Two law enforcement sources on whom The Post relied in its reporting both confirmed the paper’s account Sunday.
One source who watched de Blasio and Bratton’s televised news conference Sunday summarized their remarks by saying, “That’s bulls- -t!”
The controversy began Friday, when Chief of Department Philip Banks III abruptly quit rather than accept a promotion to be Bratton’s No. 2, which Banks believed to be a powerless position.
The Post exclusively reported Saturday that Banks and Bratton had a heated conversation at 1 Police Plaza over the resignation.
The Post also revealed that the commissioner was then summoned to City Hall, where he was chewed out by the mayor.
On Sunday, The Post reported McCray’s fury over the resignation of Banks, whom she originally hoped would be named top cop instead of Bratton.
“I want to make it very plain: Some of the reporting uses unnamed sources who make up entire conversations in their heads and tell flat-out lies. That doesn’t help any of us,” de Blasio said.
He did not deny the report that Banks was McCray’s choice for top cop.
Bratton also insisted that “there are no tensions” between him and the mayor, and called reports that said otherwise “disgraceful.”
McCray later posted a statement to her Tumblr account denying she made the reported remark — and blamed it on “a small but stubborn group of people who adamantly oppose the efforts of Mayor de Blasio and Commissioner Bratton to create a more fair and equal policing system.”
Without identifying her targets, McCray accused them of “spreading lies to irresponsible reporters.”
“The only effective defense against lies is the truth, so here it is: I admire Commissioner Bratton and the work he is doing. I have never questioned his integrity,” she wrote.
At the news conference, de Blasio also defended his decision to consult the Rev. Al Sharpton following Banks’ departure, which left the NYPD without any minorities in its top three posts.

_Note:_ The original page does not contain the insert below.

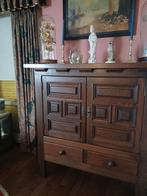 Eiken eetplaats in complete en goede staat, Ophalen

“I think it’s fair to say in the case of Reverend Sharpton, he’s one of the more prominent leaders in the city and he’s certainly the most prominent civil rights leader in the country,” de Blasio said.
“It would seem that he’s a normal person to inform in this case and also ask advice of.”
Bratton expressed regret over Banks’ resignation but said, “The NYPD is more than just one person, and that’s a good thing.”
He added, “There’s so many talented people to choose from” in picking Banks’ replacement, who will be announced Wednesday.
In his first comments since resigning, Banks issued a statement Sunday that called his move a “difficult decision.”
“In this case, while serving as first deputy commissioner would have been an honor, I felt that the position would take me away from where I could make the greatest contribution: the police work and operations that I love so much,” he sad.
Banks also said that while he and Bratton “both made good-faith efforts to bridge that gap, we were not successful.”